=== PROBLEM DETAILS ===
Restate the listing below word for word, omitting any images.

=== SUPPLIED RECORDS ===
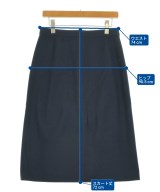 CELINE（セリーヌ）ひざ丈スカート 紺 サイズ:38(S位) レディース/2200638870046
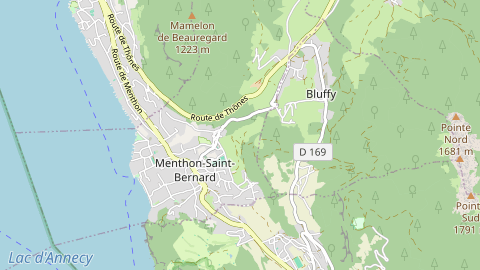 Carte de localisation de l'évènement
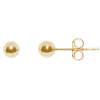 9ct Gold Classic Ball Stud Earrings (4mm) Thumbnail
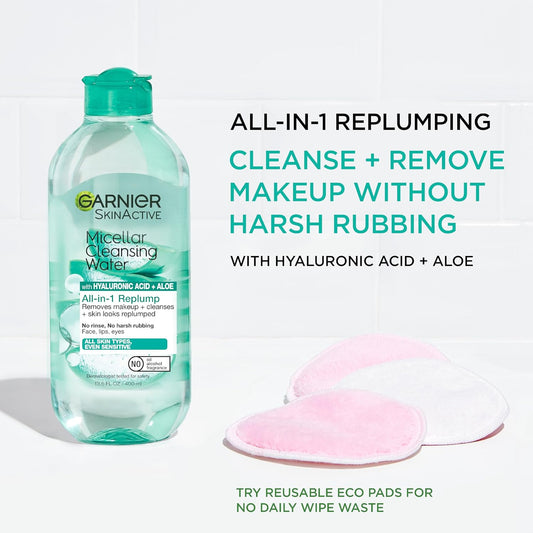 Garnier_Micellar_Water_with_Hyaluronic_Acid,_Facial_Cleanser_&_Makeup_Remover,_Hydrating_and_Plumping,_For_All_Skin_Types,_Vegan,_Cruelty_Free,_13.5_Fl_Oz_(400mL),_1_Count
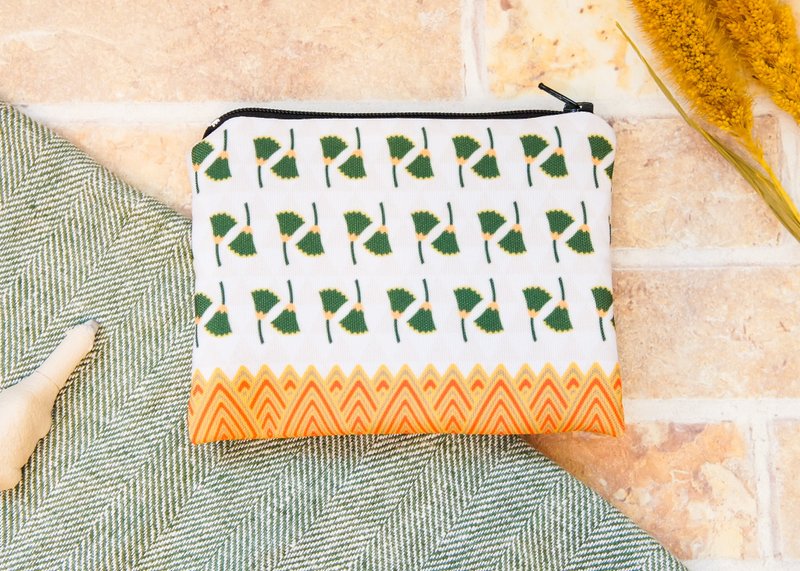 万用零钱包 - 荷叶 - 零钱包 - 聚酯纤维 绿色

=== WRITTEN SOLUTION ===
 CELINE（セリーヌ）ひざ丈スカート 紺 サイズ:38(S位) レディース/2200638870046
 Carte de localisation de l'évènement
 9ct Gold Classic Ball Stud Earrings (4mm) Thumbnail
 Garnier_Micellar_Water_with_Hyaluronic_Acid,_Facial_Cleanser_&_Makeup_Remover,_Hydrating_and_Plumping,_For_All_Skin_Types,_Vegan,_Cruelty_Free,_13.5_Fl_Oz_(400mL),_1_Count
 万用零钱包 - 荷叶 - 零钱包 - 聚酯纤维 绿色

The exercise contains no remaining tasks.